(Beginning of GIVEN ENTRIES)

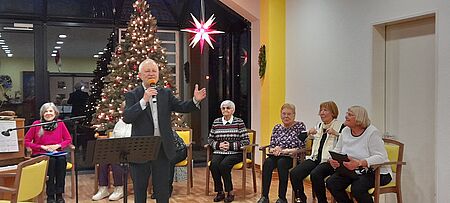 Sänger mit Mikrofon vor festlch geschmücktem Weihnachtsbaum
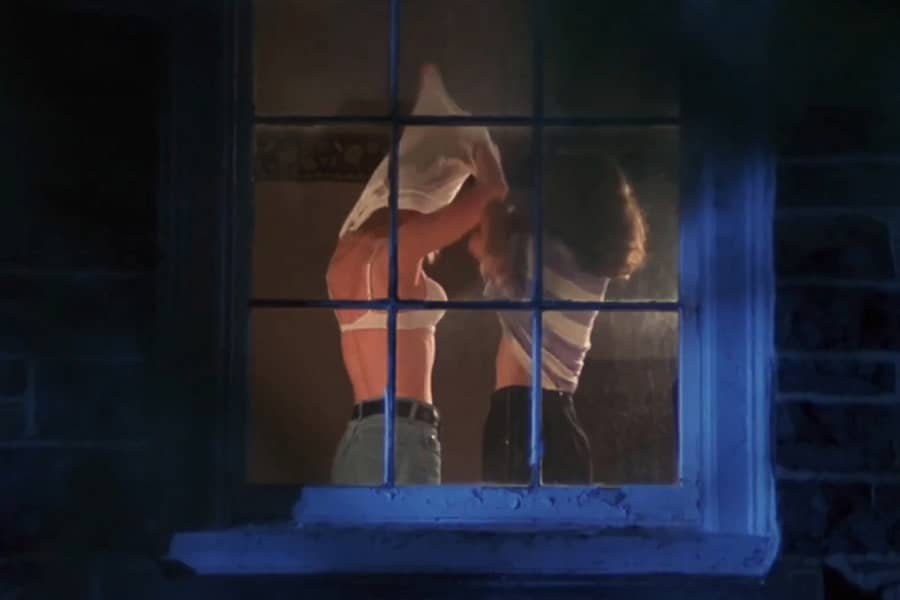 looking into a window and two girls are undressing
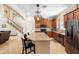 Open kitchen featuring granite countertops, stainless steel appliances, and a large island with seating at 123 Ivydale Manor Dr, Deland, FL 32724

(End of GIVEN ENTRIES)
(Beginning of GIVEN ENTRIES)

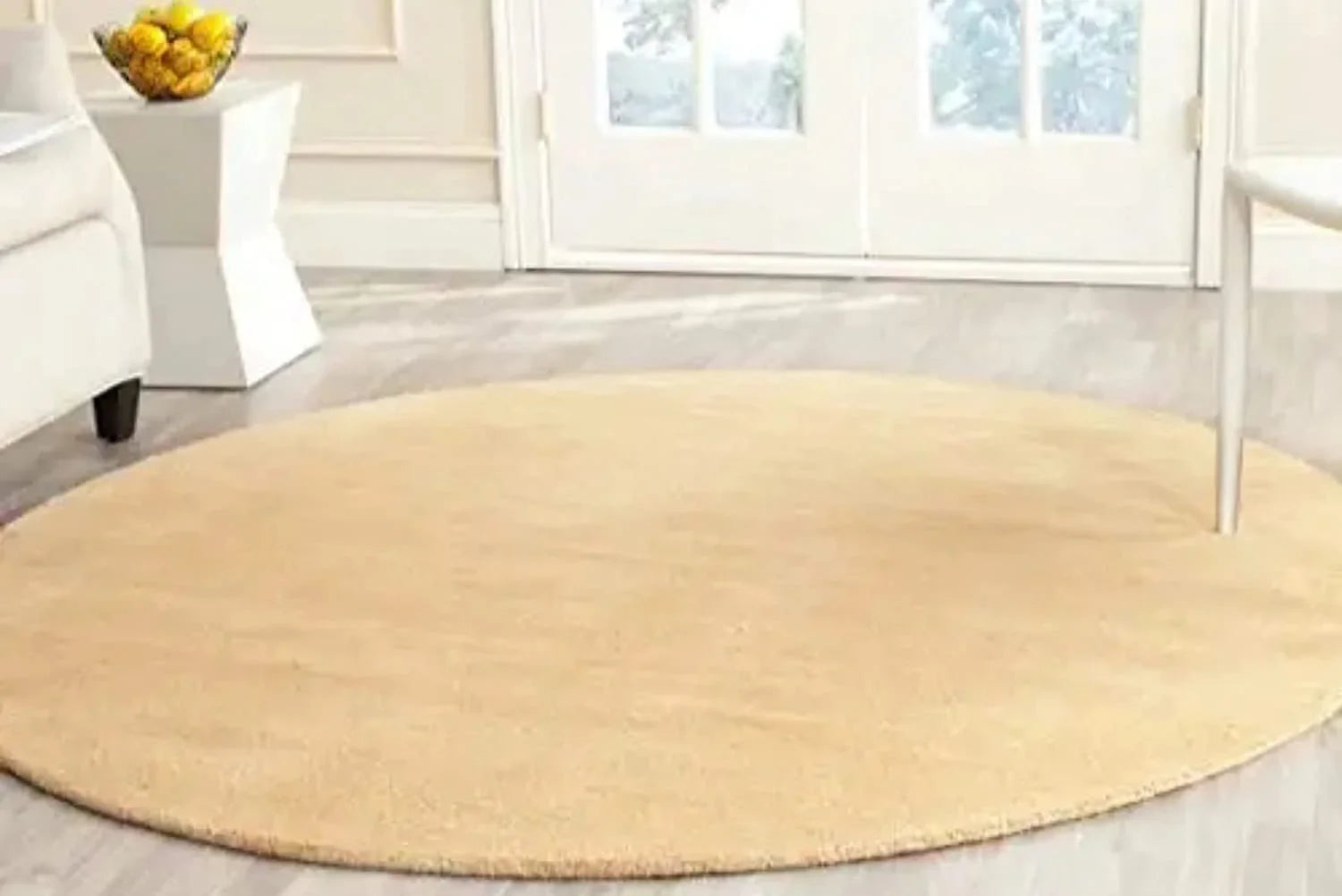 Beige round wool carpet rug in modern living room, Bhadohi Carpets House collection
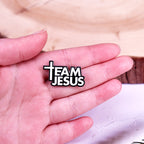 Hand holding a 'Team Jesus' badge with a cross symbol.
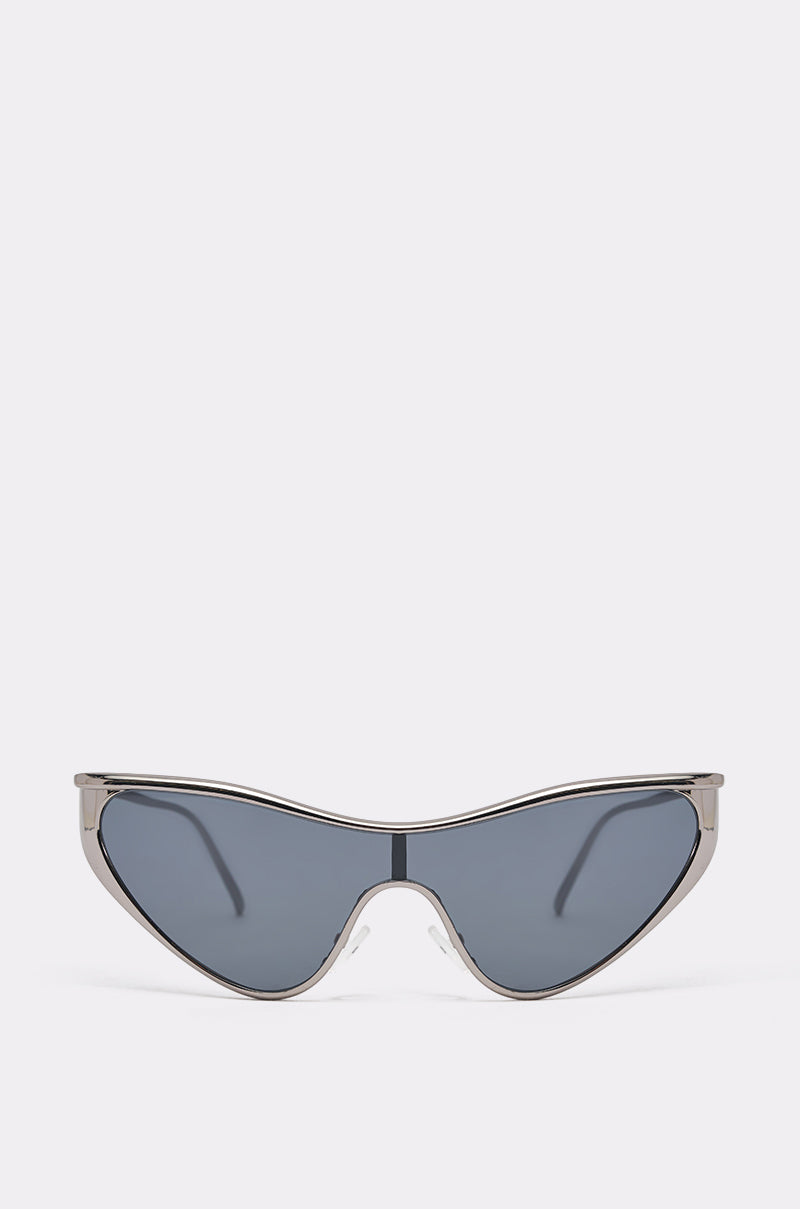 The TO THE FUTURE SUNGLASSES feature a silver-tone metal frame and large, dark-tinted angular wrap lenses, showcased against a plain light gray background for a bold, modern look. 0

(End of GIVEN ENTRIES)
(Beginning of GIVEN ENTRIES)

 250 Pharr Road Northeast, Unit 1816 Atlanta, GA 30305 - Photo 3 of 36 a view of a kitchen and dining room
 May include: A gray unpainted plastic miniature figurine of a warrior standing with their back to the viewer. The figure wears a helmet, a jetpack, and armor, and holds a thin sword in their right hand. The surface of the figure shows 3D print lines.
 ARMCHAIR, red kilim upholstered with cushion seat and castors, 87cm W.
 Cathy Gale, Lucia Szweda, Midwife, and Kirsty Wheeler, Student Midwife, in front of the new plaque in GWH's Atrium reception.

(End of GIVEN ENTRIES)

- WHAT NEEDS TO BE DONE -
Print the line above containing "Sänger mit Mikrofon", the line containing "Open kitchen featuring", and everything between them, exactly as written. Pictures stay out.

- ANSWER BELOW -
 Sänger mit Mikrofon vor festlch geschmücktem Weihnachtsbaum
 looking into a window and two girls are undressing
 Open kitchen featuring granite countertops, stainless steel appliances, and a large island with seating at 123 Ivydale Manor Dr, Deland, FL 32724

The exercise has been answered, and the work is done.